Naturally, the Civil War was in part about the authority of states to nullify, ignore, or otherwise refuse to comply with federal law, or to interpose between the federal government and states’ residents. The entire Southern strategy during the 1950s and 1960s was to attempt various forms of nullification or interposition. All such attempts failed in the face of federal use of force or the threat thereof. One can scarcely imagine why it would be that contemporary proponents of these approaches would continue to advocate the unworkable. It is as much a senseless, juvenile approach to the serious problems of federal overreach as any sort of serious movement. The end of the nullification movement will come on the day the federal establishment decides it is time to dispense with it, and begins to strictly impose its will on those who would actually attempt it.
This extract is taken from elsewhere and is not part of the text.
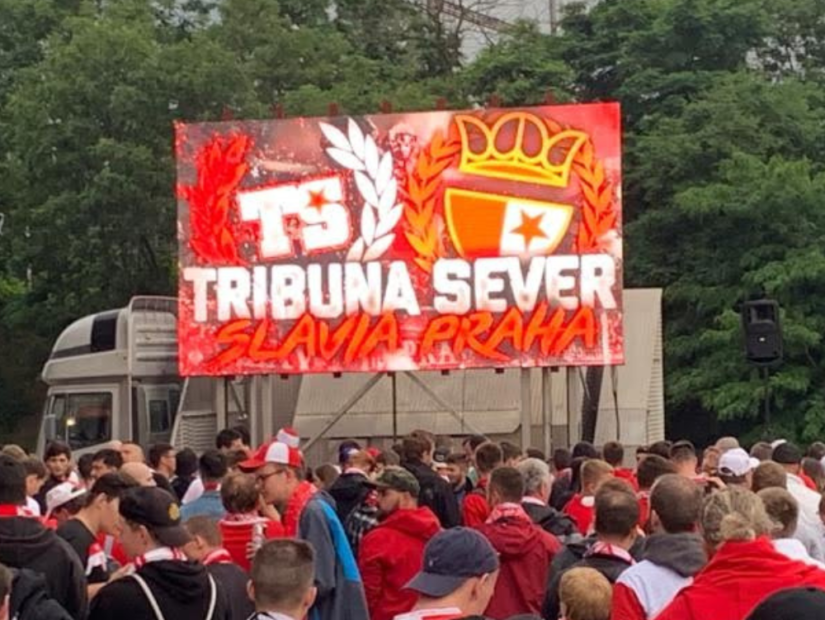 Slavia Praha – LED obrazovka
It begins to take on the character of a ranting, stomping toddler, who when deprived of his pacifier, throws a tantrum that has no force and no standing.
It is important to understand that what is in the constitution is in the constitution, and what isn’t there simply isn’t. While one can point to this statement or that of some framers of the US Constitution for authority for nullification or interposition, where one cannot point with any credibility is the US Constitution itself. More, one cannot show any successful case history upholding this approach. It simply doesn’t exist, contrary to the bleating of the sheep who have been roped into this thinking. They speak often of natural rights, and as a proponent of natural law, I am always willing to listen to such arguments, but I am also a realist in the sense that setting all of the flowery speech about natural rights aside, the problem always lies in the legal recognition of said rights. Like some of nullification’s proponents, I long for the day when the full scope of natural rights of man are recognized and enforced at all levels of government, but I also understand that in order to see such a formal recognition, it will take explicit changes to our constitution to enforce the claims we might make to them. Rights must exist in the text of our laws, or risk doing without them. As we have seen in administration after administration, and Congress after Congress, there exists no shortage of those who will extend federal law to every conceivable extent because there is no explicit warrant against it in the US Constitution. The ninth and tenth amendments notwithstanding, it has ever been that an existing federal law seems in nearly all cases to trump a claimed right not explicitly guaranteed.
With all of this in mind, I wish the nullifiers well, and I hope when they’ve blown off some of the steam, they’ll come ’round to a more rational, proven approach. We can amend our constitution, and we can do so by two explicit methods laid forth by Article V. One need not search for the political writings of John C. Calhoun, Jefferson Davis, or even James Madison or Thomas Jefferson to affect change under our constitutional system. Instead, one need observe only its text, applying the counsel provided by history to embark on a course already established.
Some of the “nullifiers” deride Mark Levin’s efforts toward an Article V amending convention of the states, writing in ominous tones about the potential for a “runaway convention.” This sort of scare tactic is the sort of thing one might expect from people bent on their own agenda, and while caution is always merited when fiddling around with our supreme law, I think it’s also fair to suggest that we can do so without substantial danger. Do I endorse all of Levin’s proposed amendments? No. Do I think many of them have merit? Absolutely! Do I believe we can afford to further obfuscate the matter by pursuing phantasms of nullification that have never availed a peaceable, workable solution? No. I do not wish to pour energy and resources into the pursuit of a doctrine held to be little more than a temper-tantrum. Let us admit that to restore our constitutional system, we must first resolve to live within its bounds as a matter of faithfulness to its principles. That’s the whole point, after all, so that if Article V was good enough for our framers, then it shall likewise be good enough for me.